The American Civil War was driven in large part by the radical Christian pietists west of Boston and in the Ohio and upper Mississippi valleys. These were the 'Damn Yankees" not just everyone from the North. This same ideology became the Progressives of the late 19th century and in the early 20th they split with Evangelicals remaining followers of Christ while many shifted their pietistic zeal in their following of Marx and other secular ideologies.
The difference today is that the modern pietists do not have the morally valid motivation of freeing the slaves so that they would be free to have their own emotional/mystical conversion and relationship with God. Instead their motivation is enslavement and domination of non-believers.
"Briefly, the pietist tends to hold that to be truly religious, a person must experience an emotional conversion; the convert, in what has been called "the baptism of the Holy Spirit", has a direct relationship to God or to Jesus. The liturgical, on the other hand, is interested in either doctrinal belief or the following of prescribed church ritual as the key to salvation.
"Now, it might seem as if the pietistic emphasis on the individual might lead to a political individualism, to the belief that the State may not interfere in each individual's moral choices and actions. In 17th century pietism, it often meant just that. But by the 19th century, unfortunately, such was not the case. Most pietists took the following view: Since we can't gauge an individual's morality by his following rituals or even by his professed adherence to creed, we must watch his actions and see if he is really moral.

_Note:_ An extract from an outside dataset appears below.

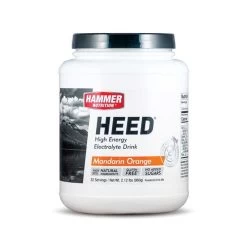 Hammer Nutrition Heed Electrolyte Drink (32 Servings) -Pro Hockey Shop Shop Hammer Heed Electrolyte Drink 32 Servings Mandarin Orange Edmonton Canada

"From there the pietists concluded that it was everyone's moral duty to his own salvation to see to it that his fellow men as well as himself are kept out of temptation's path. That is, it was supposed to be the State's business to enforce compulsory morality, to create the proper moral climate for maximizing salvation. In short, instead of an individualist, the pietist now tended to become a pest, a busybody, a moral watchdog for his fellow man, and a compulsory moralist using the State to outlaw "vice" as well as crime."
–Lysander Spooner: Libertarian Pietist, 07/06/2012, Murray N. Rothbard
David French is a misinformed idiot. There is so much in his essay that shows he has little knowledge of the war of Northern Aggression.
From what I've seen, there is no togetherheid in SA. being white can mean your life. There has been a large exist from SA, and anyone with any sense, and has the means to leave, is doing so.
But if the price of "hanging together" is a near complete loss of freedom in a total surveilance state where tolerance and diversity is required and strictly enforced with zero-tolerance policies and strict conformity, is it worth it?